Des formations de "qualité variable"

Toutefois, Denis Guibard met en garde. "On constate un développement de formations et d’écoles spécialisées sur des points particuliers, comme la gestion de l'eau, des déchets ou la responsabilité sociétale des entreprises. Elles peuvent conduire à des diplômes de qualité variable, plus ou moins reconnus".

Les nouvelles formations ou écoles spécialisées peuvent conduire à des diplômes de qualité variable, plus ou moins reconnus. (D. Guibard, CGE)

Alors comment savoir ce qu’elles valent ? Certaines d’entre elles sont -ou seront à l'issue de la première année - inscrites au Répertoire national des certifications professionnelles (RNCP), après une évaluation par France compétences.

"Il peut y avoir de très bonnes formations reconnues au RNCP mais l'exigence est moindre [que pour un diplôme reconnu par le ministère de l'Enseignement supérieur] et elle ne se pose qu'en termes de compétences professionnelles", note Denis Guibard. Loin des standards d’un grade de licence ou de master, avec obtention de crédits européens (ECTS).

Sont-elles si "vertes" ?

Malgré les bonnes intentions présentées en plaquette, "il peut aussi y avoir de l'opportunisme de certains établissements à visée lucrative. Parfois, on peut aussi tutoyer le greenwashing", prévient Denis Guibard.

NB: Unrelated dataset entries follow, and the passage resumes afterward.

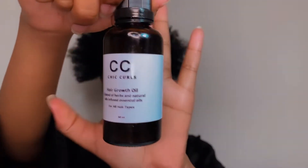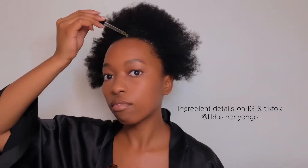I'll be doing this for the rest of the front row. For the last few months I've been using the She Curls Hair Growth Oil on my edges, and they've grown so much since I started using it.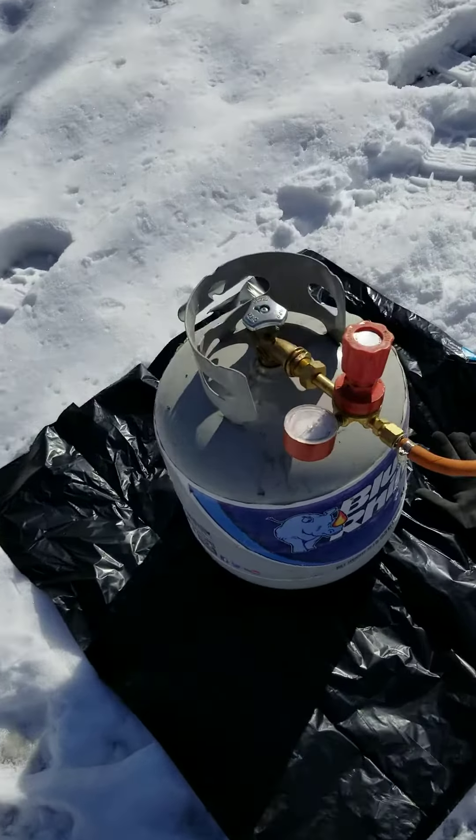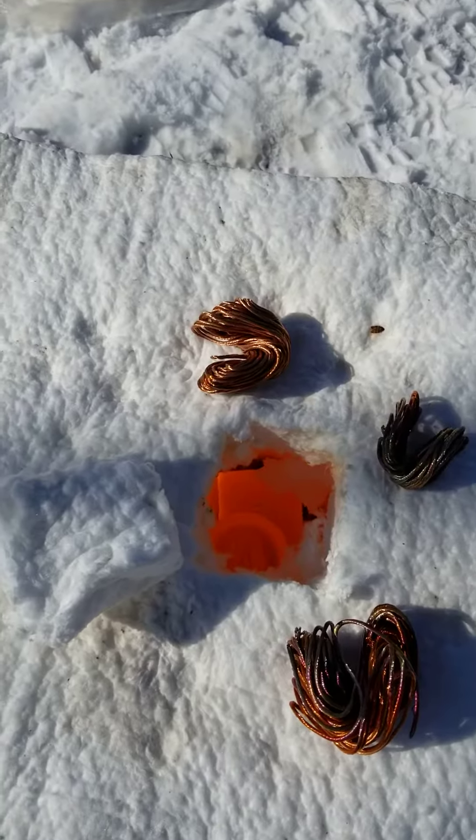This regulator and the burner and everything came with this little forge — works pretty good. See y'all when it's melted.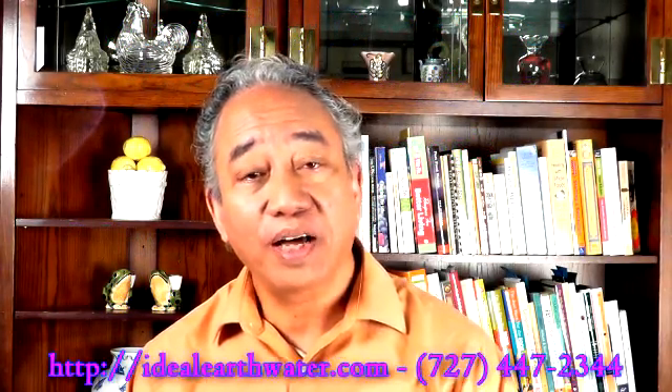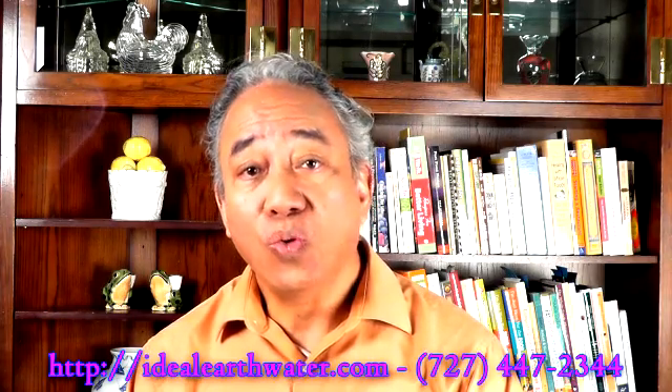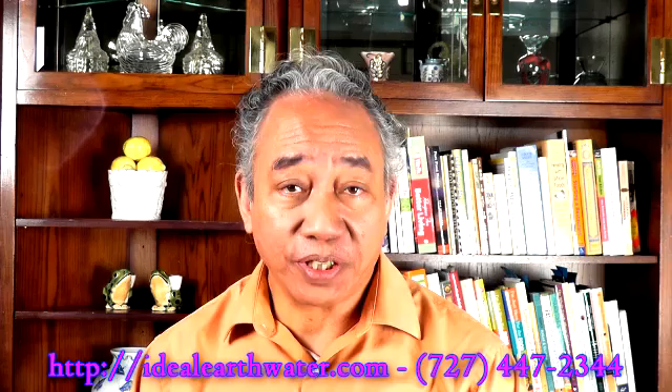Hi, my name is Winston Gao. I'm an inventor and researcher in the field of agriculture, water, and soil-based microorganisms.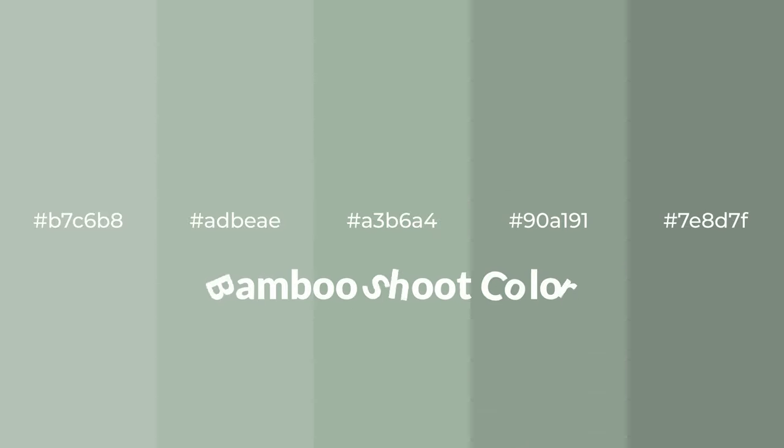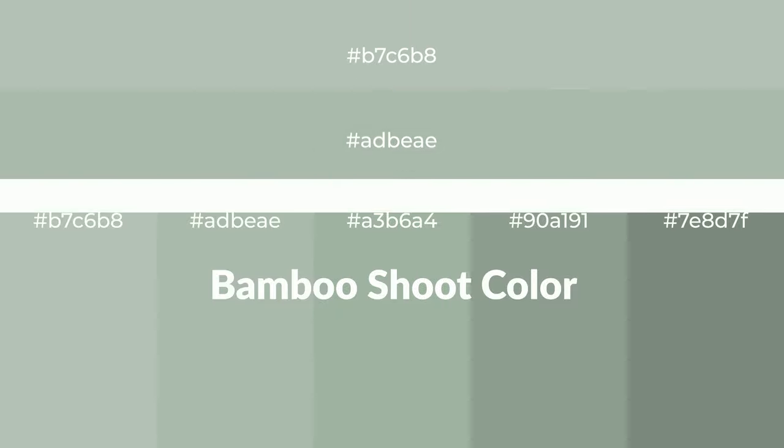Cool shades of bamboo shoot color with green hue for your next project. To generate tints of a color, we add white to the color. Tints create light and exquisite emotions.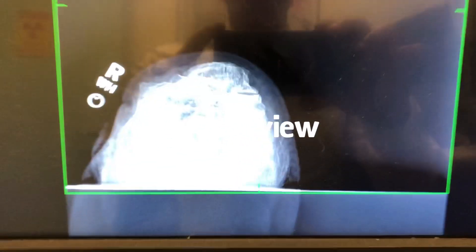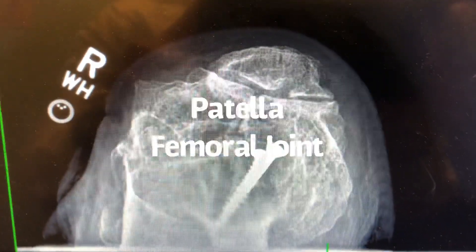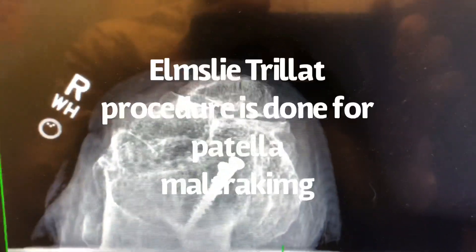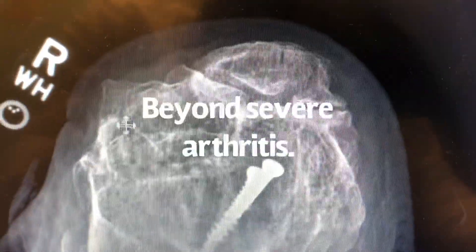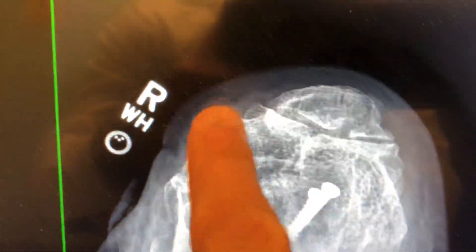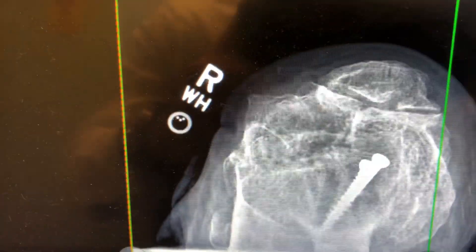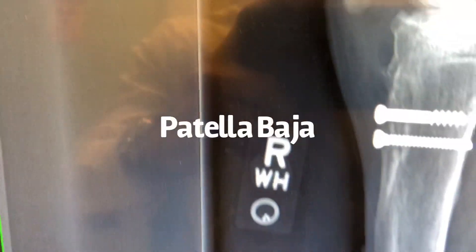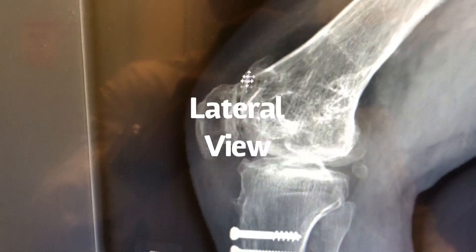Here we go. I am at the x-ray tech station looking at my sunrise view. You can see my old screws from my Elmslie-Trillat tibial tubercle surgery that I had at Shriners Hospital many years ago. You can see the patellofemoral joint is somewhat destroyed — you really don't see a sulcus. My patella used to track over there, then they did the medialization. Not much joint space at all. The lateral view shows patella baja, old screws, osteophytes.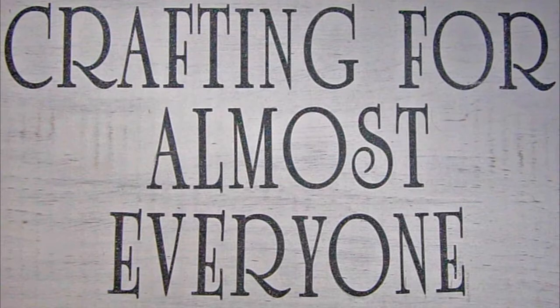Hi, it's Sandy Parker and welcome to Crafting for Almost Everyone. Today we're going to be making a gift box shaped like a suitcase. I hope you'll stay.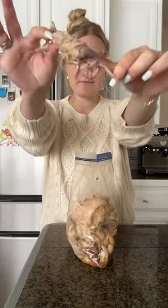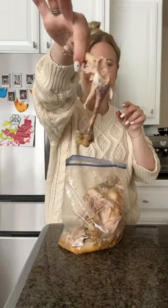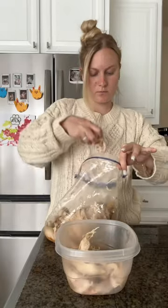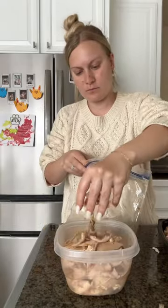The meat literally fell off the bones doing this. This was definitely less messy, so easy to do, and I feel like I got more of the meat. I will definitely be doing this in the future and I highly recommend.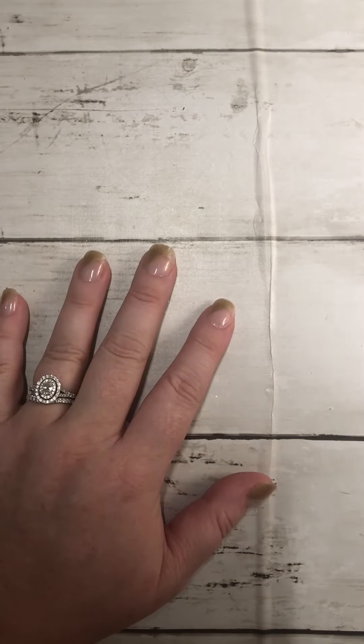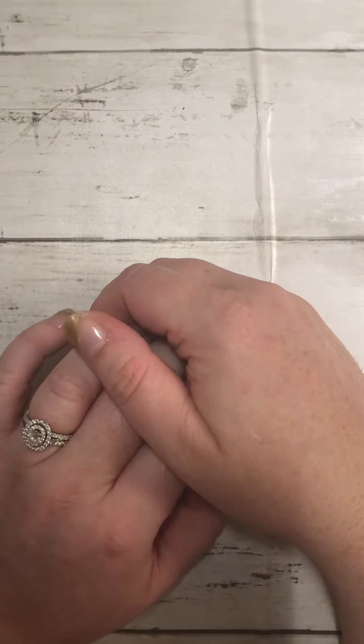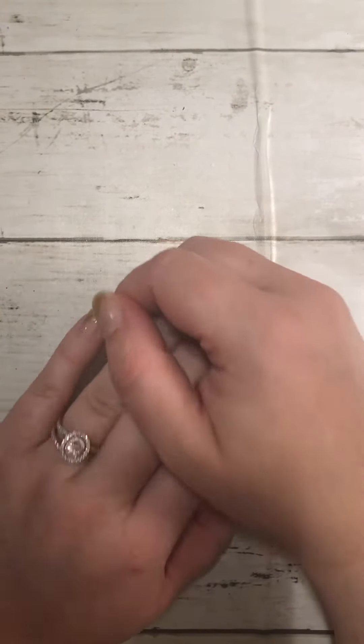Hi everybody, it's April from Crafty Goodness. I wanted to come on and show you something that I just put together that is so absolutely adorable — I did not realize these were going to be so cute. Now that it's so late in the season, I don't know if Dollar Tree is going to have any left, but I hauled these weeks ago. These are from the Dollar Tree — they're cookie boxes, you get two in a pack, and the kind I got was the one with the truck on it.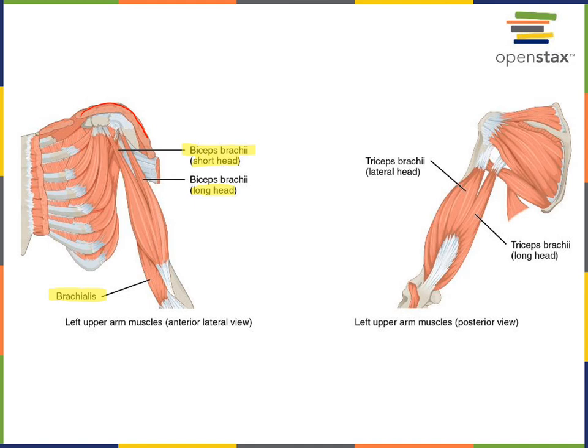On the posterior of the brachial region is the triceps brachii, commonly shortened to triceps. The triceps brachii has three origins or three heads. From this view we can see just the lateral head and the long head, but there is also a medial head which is mostly deep to the long head and cannot be seen in this illustration. The triceps brachii has the action of extension at the humeral ulnar joint.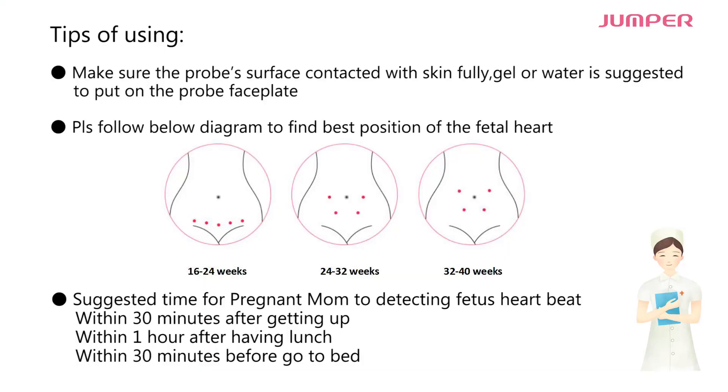Tips for using: make sure the probe's surface is in full contact with the skin. Gel or water is suggested to put on the probe faceplate.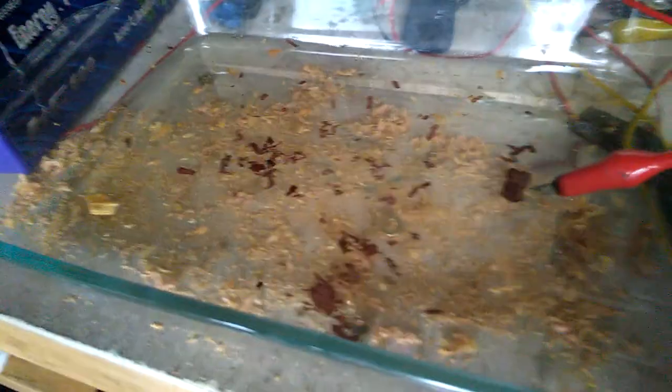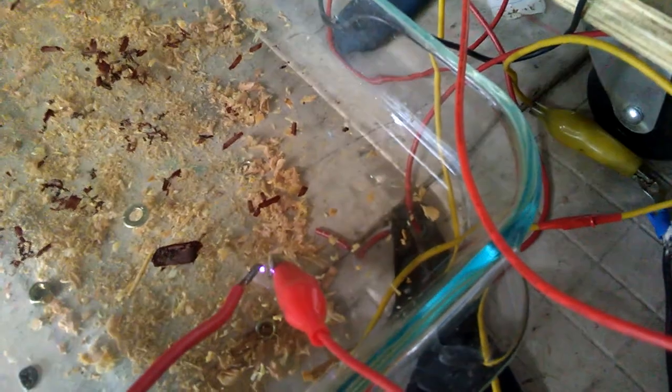We got this little glass of water with some wood chips above it and below it. We're going to be doing some experiments here showing you how it attracts to the wire. You can see how it's attracting the pieces of wood.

Ainsi, "dans une école du luxe responsable, l'écoconception est une notion importante. On doit alors regarder si l'enseignement ne tourne qu’autour des principes généraux ou s’il entre dans une analyse concrète des cycles de vie d’un vêtement."

De même, le choix des entreprises partenaires de l'école peut être révélateur. Pour Arthur Samuel, "il faut que l'entreprise soit à impact [avec des objectifs sociaux et environnementaux, ndlr] ou que l'étudiant puisse au cours de ses missions faire transitionner l'entreprise."

Il peut aussi y avoir de l'opportunisme de certains établissements à visée lucrative. Parfois, on peut aussi tutoyer le greenwashing. (D. Guibard)

Les années prochaines seront en tous cas déterminantes pour éprouver le sérieux de ces établissements et analyser l'insertion professionnelle de leurs diplômés. D'autant plus que dans le même temps, le ministère de l'Enseignement supérieur s'est engagé, à partir de 2025, à former tous les étudiants de premier cycle aux enjeux de la transition écologique.